Calm down and listen to my counsel. I assume you are a Christian since you say you come from Akwa Ibom. Do you attend a church? If you do then

1- Meet the elders of the church and ask for counsel from experienced ones. Many of our elderly men and women have seen a lot in life and you will be surprised some have even come across the same exact type of scenario. If it is possible to find elders in church who happen to come from that lady's area or understand their native law and customs that will be even better. Let them guide you on what to do.

2- If you are not a regular church goer no problem. Try to find elders from your lady's area. Find out from them. How are marriages transacted? What are the customary rites and traditions as applicable in that part of the country. In short get someone to fully advise you.

3- Does the said lady, your fiancee have an elder brother or an older blood relative the mother and daughter are on good terms with who can stand in as the father? If there is such a person, try to take advantage of that.

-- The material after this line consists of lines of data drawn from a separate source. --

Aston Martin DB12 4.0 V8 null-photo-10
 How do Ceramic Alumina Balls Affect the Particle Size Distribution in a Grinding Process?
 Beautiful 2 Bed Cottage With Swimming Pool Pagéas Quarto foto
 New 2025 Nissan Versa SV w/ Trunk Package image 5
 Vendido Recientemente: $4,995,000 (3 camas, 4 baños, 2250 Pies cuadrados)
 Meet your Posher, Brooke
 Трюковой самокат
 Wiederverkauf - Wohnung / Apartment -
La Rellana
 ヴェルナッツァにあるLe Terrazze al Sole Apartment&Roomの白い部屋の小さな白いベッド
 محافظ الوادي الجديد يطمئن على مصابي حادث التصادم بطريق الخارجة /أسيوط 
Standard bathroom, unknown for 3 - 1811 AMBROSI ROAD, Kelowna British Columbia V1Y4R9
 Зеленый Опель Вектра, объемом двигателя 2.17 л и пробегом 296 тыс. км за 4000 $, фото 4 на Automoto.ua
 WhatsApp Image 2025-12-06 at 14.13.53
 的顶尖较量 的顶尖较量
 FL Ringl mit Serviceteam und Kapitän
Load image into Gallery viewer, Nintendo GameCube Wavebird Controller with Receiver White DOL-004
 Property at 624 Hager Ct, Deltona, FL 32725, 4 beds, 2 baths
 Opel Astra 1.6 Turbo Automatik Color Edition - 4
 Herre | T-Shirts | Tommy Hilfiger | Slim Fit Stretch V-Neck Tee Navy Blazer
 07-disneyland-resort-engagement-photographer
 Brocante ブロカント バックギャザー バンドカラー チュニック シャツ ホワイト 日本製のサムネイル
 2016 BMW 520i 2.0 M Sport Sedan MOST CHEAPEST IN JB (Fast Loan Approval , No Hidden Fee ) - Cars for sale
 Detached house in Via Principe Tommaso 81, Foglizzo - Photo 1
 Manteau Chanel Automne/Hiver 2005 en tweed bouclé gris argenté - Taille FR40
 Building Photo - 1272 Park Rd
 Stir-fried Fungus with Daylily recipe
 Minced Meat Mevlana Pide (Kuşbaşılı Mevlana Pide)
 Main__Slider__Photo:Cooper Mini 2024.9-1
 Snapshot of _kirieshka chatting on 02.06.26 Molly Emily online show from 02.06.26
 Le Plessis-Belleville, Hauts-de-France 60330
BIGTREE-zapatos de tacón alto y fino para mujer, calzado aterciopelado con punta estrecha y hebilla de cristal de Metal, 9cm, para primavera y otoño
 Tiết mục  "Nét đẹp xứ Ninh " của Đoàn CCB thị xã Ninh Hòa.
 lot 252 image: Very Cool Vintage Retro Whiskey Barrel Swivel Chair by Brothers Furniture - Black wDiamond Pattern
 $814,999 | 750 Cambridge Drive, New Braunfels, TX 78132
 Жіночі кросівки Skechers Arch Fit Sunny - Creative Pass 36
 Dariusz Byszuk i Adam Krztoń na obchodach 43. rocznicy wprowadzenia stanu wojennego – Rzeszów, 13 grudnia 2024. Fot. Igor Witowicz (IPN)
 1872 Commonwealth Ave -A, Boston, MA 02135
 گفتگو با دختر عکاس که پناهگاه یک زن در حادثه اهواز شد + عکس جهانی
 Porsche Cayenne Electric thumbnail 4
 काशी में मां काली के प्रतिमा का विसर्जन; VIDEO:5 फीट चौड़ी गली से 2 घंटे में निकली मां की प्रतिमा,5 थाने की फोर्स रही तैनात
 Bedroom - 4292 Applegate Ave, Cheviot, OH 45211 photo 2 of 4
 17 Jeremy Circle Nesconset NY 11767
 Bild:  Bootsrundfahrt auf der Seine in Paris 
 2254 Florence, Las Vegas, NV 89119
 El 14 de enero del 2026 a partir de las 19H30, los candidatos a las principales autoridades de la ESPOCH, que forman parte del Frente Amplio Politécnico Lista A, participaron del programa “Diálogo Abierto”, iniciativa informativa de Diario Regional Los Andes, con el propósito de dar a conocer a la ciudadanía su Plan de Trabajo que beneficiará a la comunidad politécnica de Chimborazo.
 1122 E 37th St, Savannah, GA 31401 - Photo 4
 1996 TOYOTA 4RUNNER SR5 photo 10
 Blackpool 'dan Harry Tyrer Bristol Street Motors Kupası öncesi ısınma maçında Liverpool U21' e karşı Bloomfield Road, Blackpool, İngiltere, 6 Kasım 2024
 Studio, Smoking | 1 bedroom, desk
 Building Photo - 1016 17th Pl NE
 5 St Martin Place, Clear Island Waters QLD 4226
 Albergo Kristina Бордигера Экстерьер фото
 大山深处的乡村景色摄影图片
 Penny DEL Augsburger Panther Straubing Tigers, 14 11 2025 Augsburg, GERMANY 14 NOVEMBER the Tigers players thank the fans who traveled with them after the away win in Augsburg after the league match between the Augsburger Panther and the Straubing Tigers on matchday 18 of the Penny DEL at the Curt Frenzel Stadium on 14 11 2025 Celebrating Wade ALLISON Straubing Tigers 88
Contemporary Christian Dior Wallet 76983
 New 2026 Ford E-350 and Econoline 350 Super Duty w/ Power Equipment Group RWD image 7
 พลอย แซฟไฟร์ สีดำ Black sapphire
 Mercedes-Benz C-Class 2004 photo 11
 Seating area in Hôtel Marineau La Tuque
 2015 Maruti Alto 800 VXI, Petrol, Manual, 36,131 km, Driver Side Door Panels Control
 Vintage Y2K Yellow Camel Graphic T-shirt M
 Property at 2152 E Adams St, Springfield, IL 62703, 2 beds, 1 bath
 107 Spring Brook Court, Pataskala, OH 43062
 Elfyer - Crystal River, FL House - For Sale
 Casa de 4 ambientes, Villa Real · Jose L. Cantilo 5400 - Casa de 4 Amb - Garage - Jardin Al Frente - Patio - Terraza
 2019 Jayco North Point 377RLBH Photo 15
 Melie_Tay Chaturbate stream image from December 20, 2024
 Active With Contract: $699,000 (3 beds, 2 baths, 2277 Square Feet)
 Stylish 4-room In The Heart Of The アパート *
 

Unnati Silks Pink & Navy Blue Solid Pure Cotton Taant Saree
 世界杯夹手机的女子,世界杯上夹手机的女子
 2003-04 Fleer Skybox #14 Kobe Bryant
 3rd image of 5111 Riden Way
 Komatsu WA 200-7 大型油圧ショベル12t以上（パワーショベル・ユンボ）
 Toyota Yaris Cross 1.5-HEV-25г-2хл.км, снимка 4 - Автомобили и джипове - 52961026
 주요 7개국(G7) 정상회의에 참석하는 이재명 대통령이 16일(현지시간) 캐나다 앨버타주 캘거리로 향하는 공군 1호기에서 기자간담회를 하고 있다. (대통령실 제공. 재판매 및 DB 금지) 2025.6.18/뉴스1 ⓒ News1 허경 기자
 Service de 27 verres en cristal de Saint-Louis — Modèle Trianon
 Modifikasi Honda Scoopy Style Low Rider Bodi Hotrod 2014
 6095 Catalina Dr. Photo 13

Why am I saying all these? You see you don't approach this thing with emotions. You approach it with facts and we face reality.

This is Nigeria and this is Africa. Maybe if you were living abroad you can do as you like but the fact is family still has a lot to do with this matter of marriage.

Cultures and customs vary from tribe to tribe. What some tribes may condone other tribes may not. For instance some cultures will find it acceptable for the stepfather to take the place of the father figure. If that is the case no problem.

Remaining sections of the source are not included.